Non escludendo di indagare nell’ambiente domenicano che svolge un ruolo primario nella diffusione della “laude” nell’ambito delle processioni devozionali.

La meraviglia dell’incrocio tra effimero ed eterno è offerto da Maria in tutti i momenti della sua esistenza, dalla vicinanza concretissima nella fanciullezza e adolescenza di Cristo fino al distacco degli anni della predicazione e della Passione come narra poeticamente la ii laude, in cui Iacopone si chiede come facesse una ragazza di soli quindici anni a «non morire d’amore» nella condizione di madre del suo stesso Creatore: «O Maria, co facivi, quanno tu lo vidivi? / Or co non te morivi de l’amore affocata? / Con non te consumavi quanno tu gli guardavi, / che Deo ce contemplavi ‘n quella carne velata? / Quann’esso te sugìa, l’amor co te facìa, / la smesuranza sia esser da te lattata?».

Esmesuranza è espressione frequentissima nelle laudi e definisce la sproporzione tra l’offerta dell’amore di Dio e la capacità di comprendere della creatura umana.
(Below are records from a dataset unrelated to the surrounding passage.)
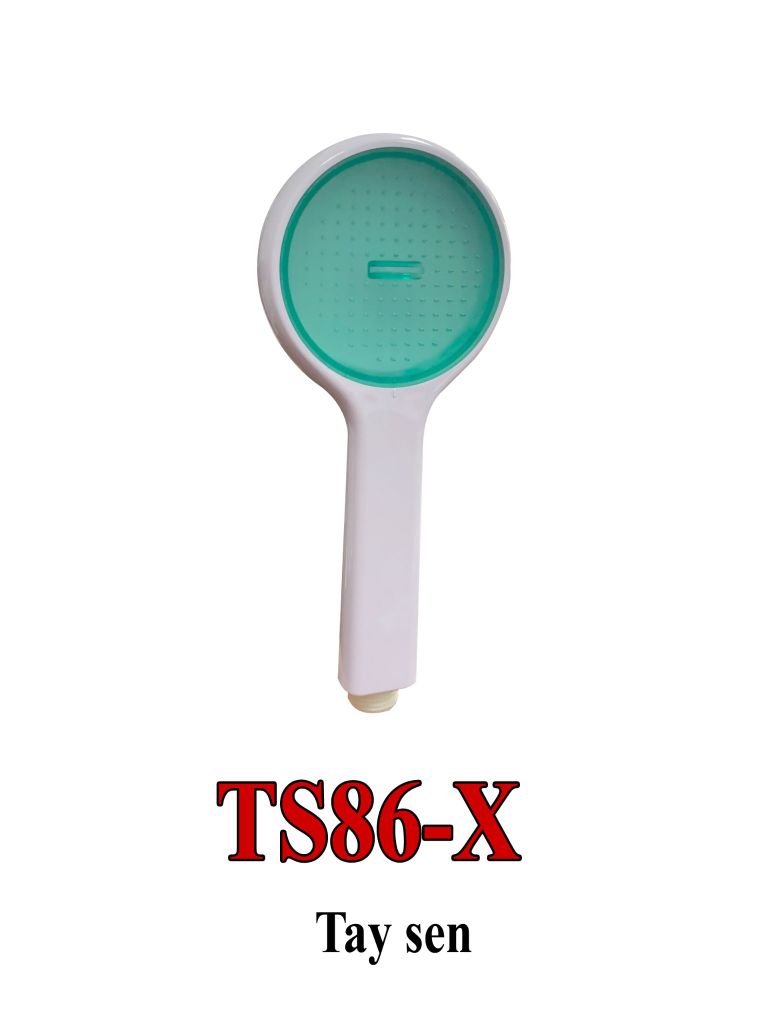 TS86-X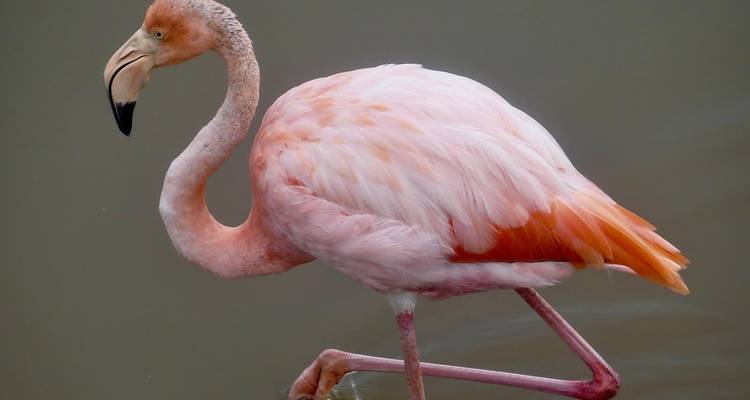 8 jours de découverte des hauts lieux de Quito et des îles Galápagos + billet d'avion (groupe privé) - Cami Adventures 4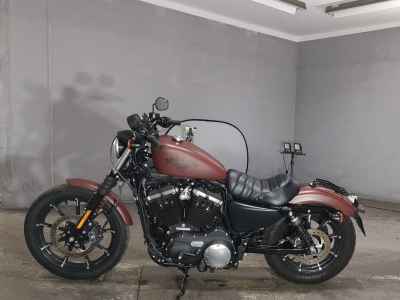 Harley-Davidson Sportster Iron XL883N 2017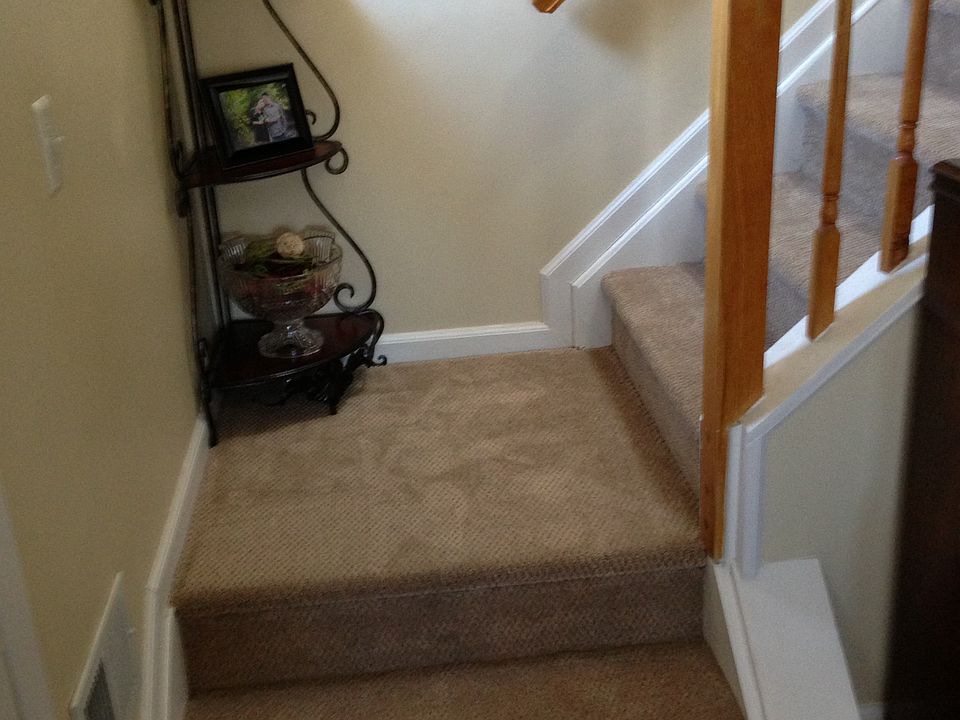 New carpet 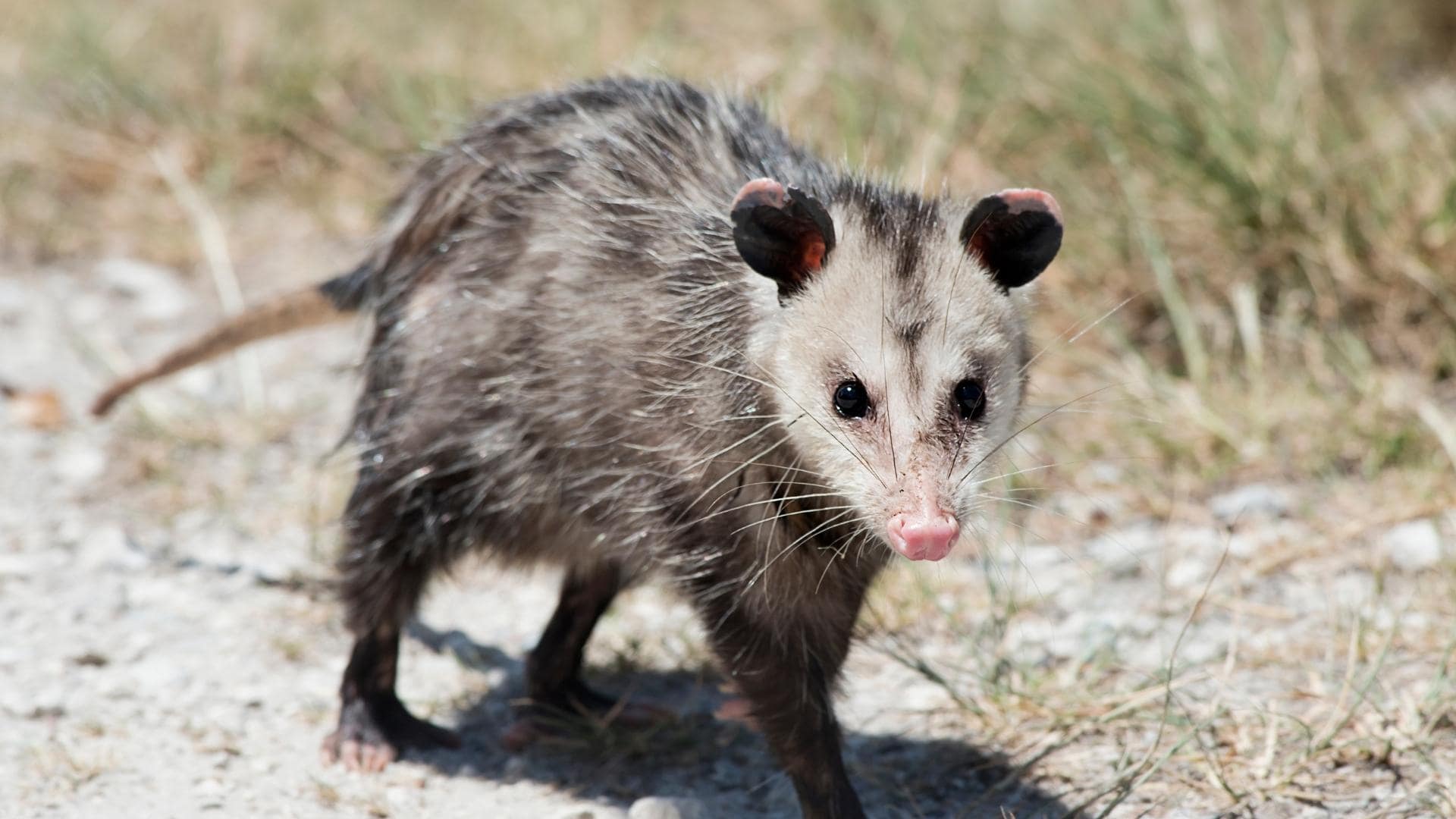 Are Possums Dangerous To Dogs? The Truth + Tips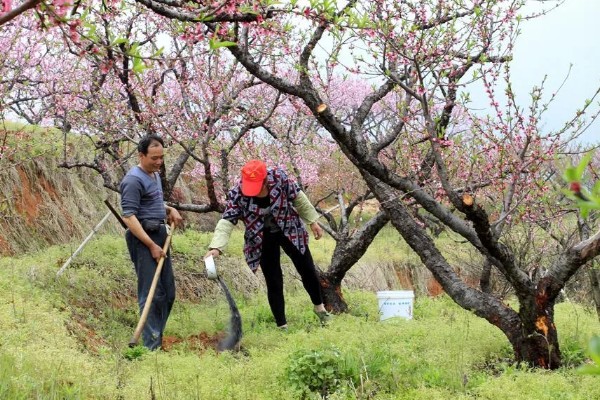 桃树硬核期用哪种肥料，氮磷钾复合肥和钙肥均可使用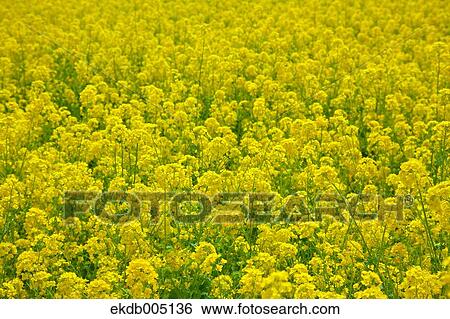 Field mustard View Large Photo Image Stock Photograph - Field mustard. Fotosearch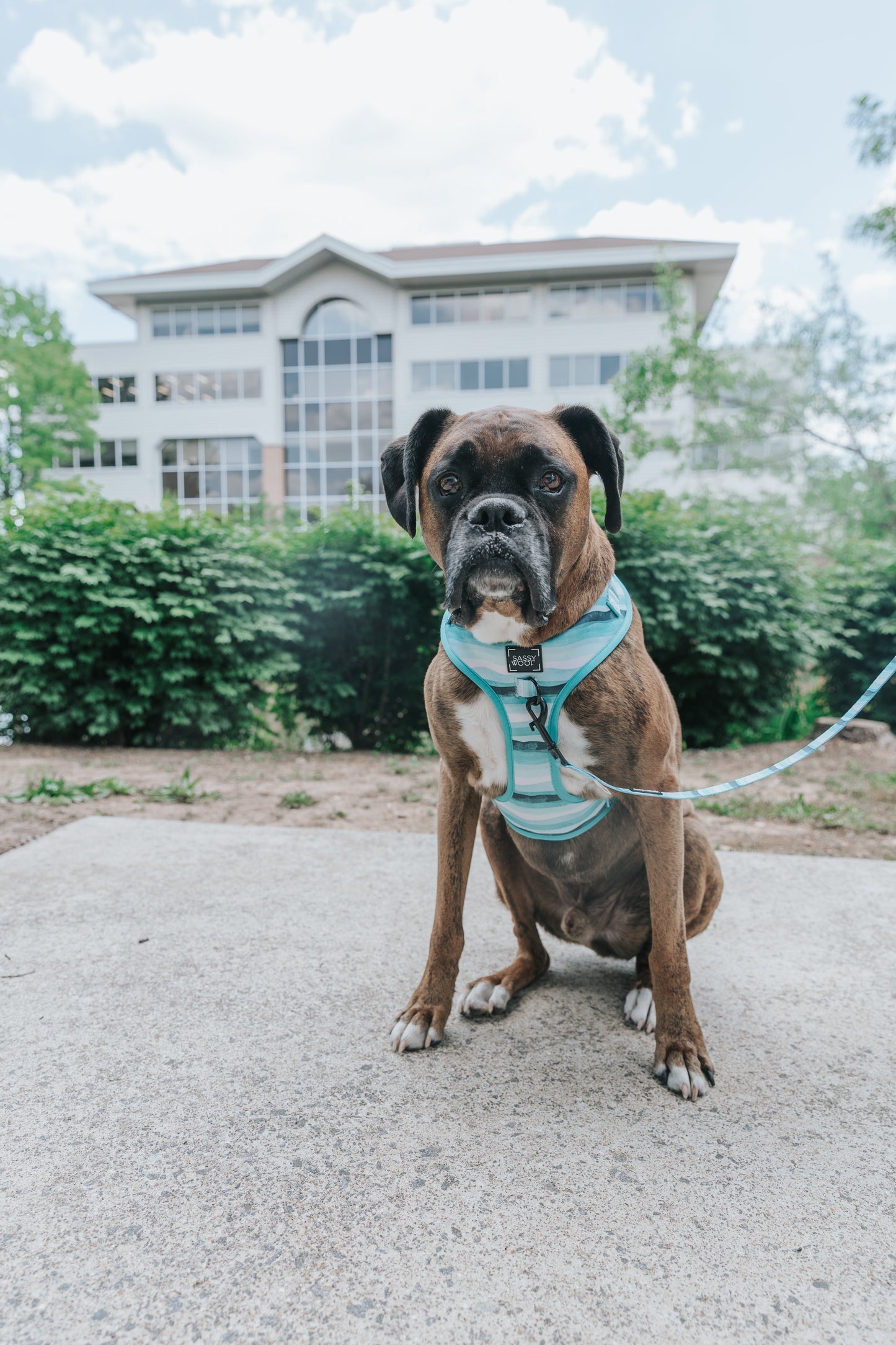 Dog Two Piece Bundle - Barks & Caicos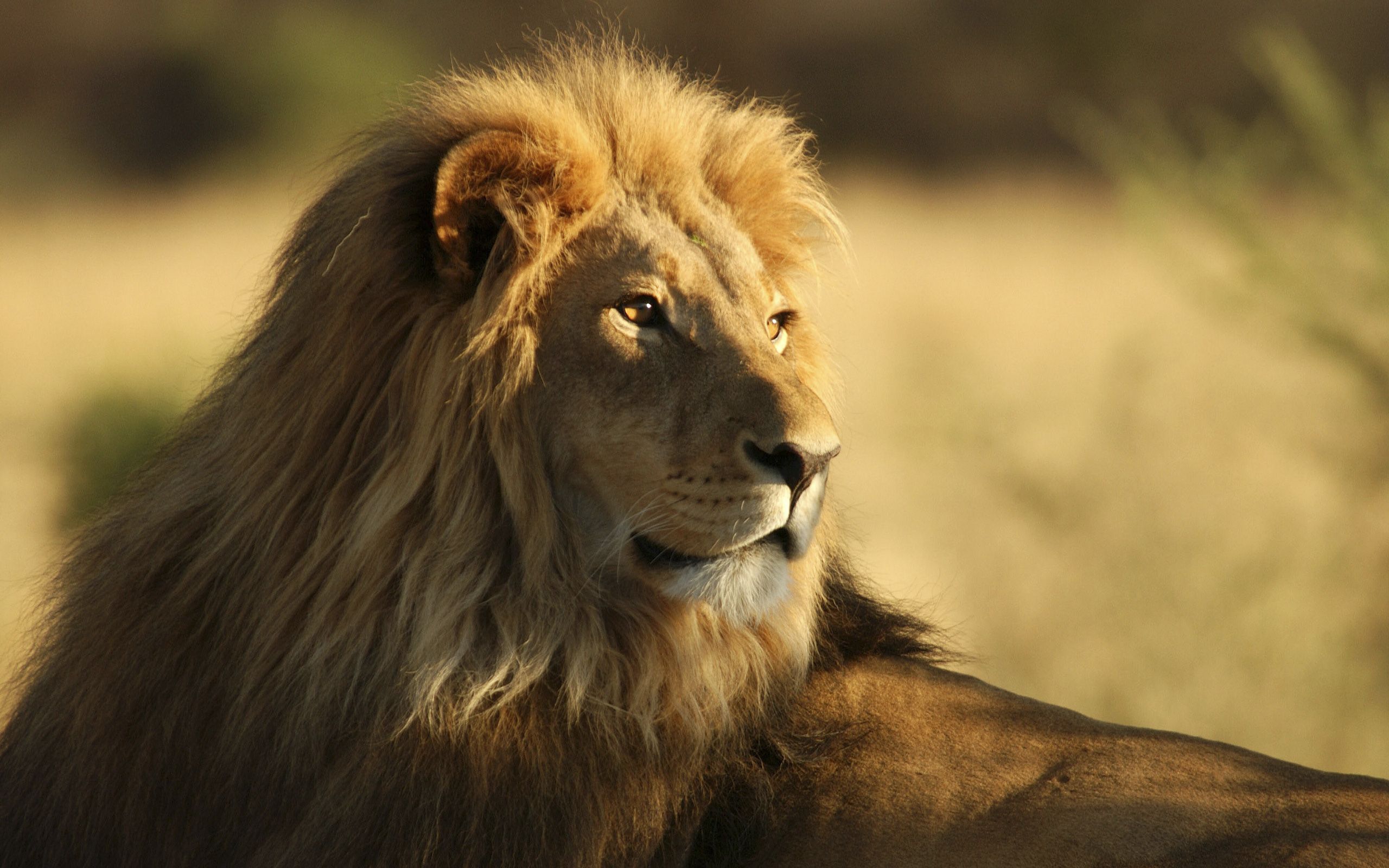 The Male African Lion Wallpapers | HD Wallpapers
L’amore per Dio e per suo Figlio non è conseguenza di un atto di volontà ferrea ed è meno che mai meritato, si legge nell’intervento di Alvaro Cacciotti. Si tratta di un amore donato capace di trasformare ogni precedente forma di vita; in questa ottica Iacopone non insegue un ordine morale, ma descrive la «reale dinamica dell’incontro con l’Altro».

E nella rinnovata intuizione figurativa dell’incontro evangelico, che proprio in quei decenni acquista rilievo innovativo grazie a san Francesco e ai cicli giotteschi, l’iconografia devozionale ritrae la singolare figura del poeta tuderte, per lo più smagrito, con il saio francescano consumato, intento alla preghiera o alla contemplazione mistica, come riferisce Mirko Santanicchia.

La maggior parte delle immagini del beato corredano le edizioni a stampa delle Laudi, con tre eccezioni molto diverse tra loro quali il celebre dipinto di Paolo Uccello nel duomo di Prato (1435) e i più antichi ritratti di due chiese di Todi, San Silvestro e San Fortunato. Immagini da cui è possibile trarre un articolato discorso sulla fortuna della personalità di Iacopone nei secoli successivi alla morte, ma che non mancano di suggestionare artisti contemporanei del calibro di Sironi, Dorazio, Cagli, Giacomo Manzù (illustra le edizione delle Laudi per le edizioni Uomo, 1945) e un giovanissimo Giovanni Testori (sempre nel 1945, illustra una scelta di Laudi per la Gorlich) che si rivolgono a Iacopone per esprimere con tratti figurativi originali una dolente pietas non priva della tenue luce della speranza cristiana nei confronti dell’uomo vilipeso e lacerato dalle atrocità del conflitto mondiale.